Issue with with snippet() and highlight() with fts5 in trigram tokenization mode
(1) By anonymous on 2023-10-23 13:05:29 [source]
Using an example from the FTS5 docs
-- Assuming this:
CREATE VIRTUAL TABLE ft USING fts5(a);
INSERT INTO ft VALUES('a b c x c d e');
INSERT INTO ft VALUES('a b c c d e');
INSERT INTO ft VALUES('a b c d e');
-- The following SELECT statement returns these three rows:
-- '[a b c] x [c d e]'
-- '[a b c] [c d e]'
-- '[a b c d e]'
SELECT highlight(ft, 0, '[', ']') FROM ft WHERE ft MATCH 'a+b+c AND c+d+e';
we get the expected result:
[a b c] x [c d e]
[a b c] [c d e]
[a b c d e]
If we instead use the trigram tokenizer with a similar example:
CREATE VIRTUAL TABLE ft2 USING fts5(a, tokenize="trigram");
INSERT INTO ft2 VALUES('abc x cde');
INSERT INTO ft2 VALUES('abc cde');
INSERT INTO ft2 VALUES('abcde');
SELECT highlight(ft2, 0, '[', ']') FROM ft2 WHERE ft2 MATCH 'abc AND cde';
Now we get an issue where the matches overlap, i.e. they are not combined into a single range:
[abc] x [cde]
[abc] [cde]
[abc]de[cde]
Is this a known issue? Does anyone know of any workarounds?

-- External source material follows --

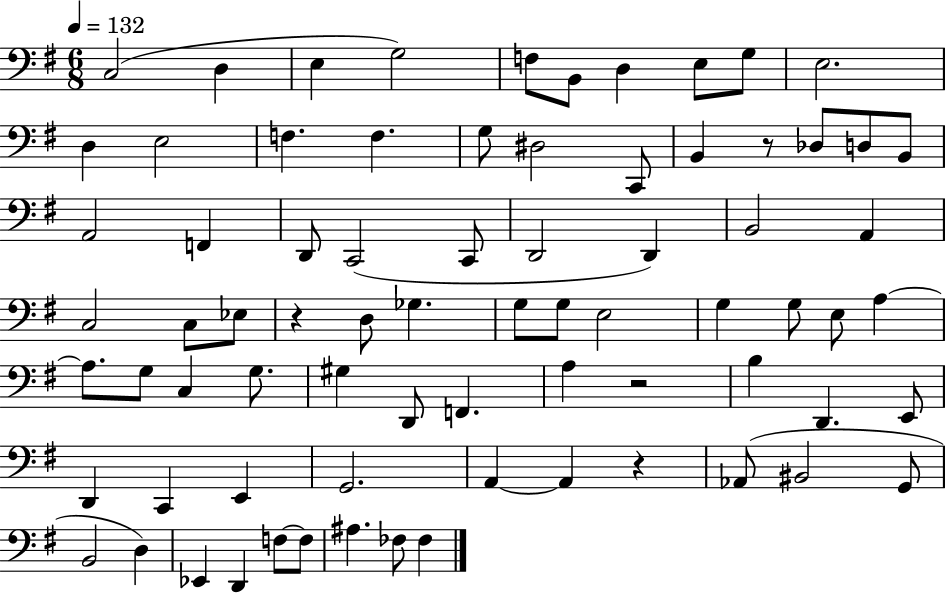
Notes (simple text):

(2) By Dan Kennedy (dan) on 2023-10-24 16:08:21 in reply to 1 [link] [source]
Thanks for reporting this. It was a bug of course. Should now be fixed here:
https://sqlite.org/src/info/e952db86faaafd2e
Dan.
(3) By anonymous on 2023-10-25 10:57:36 in reply to 2 [link] [source]
Thanks Dan, much appreciated!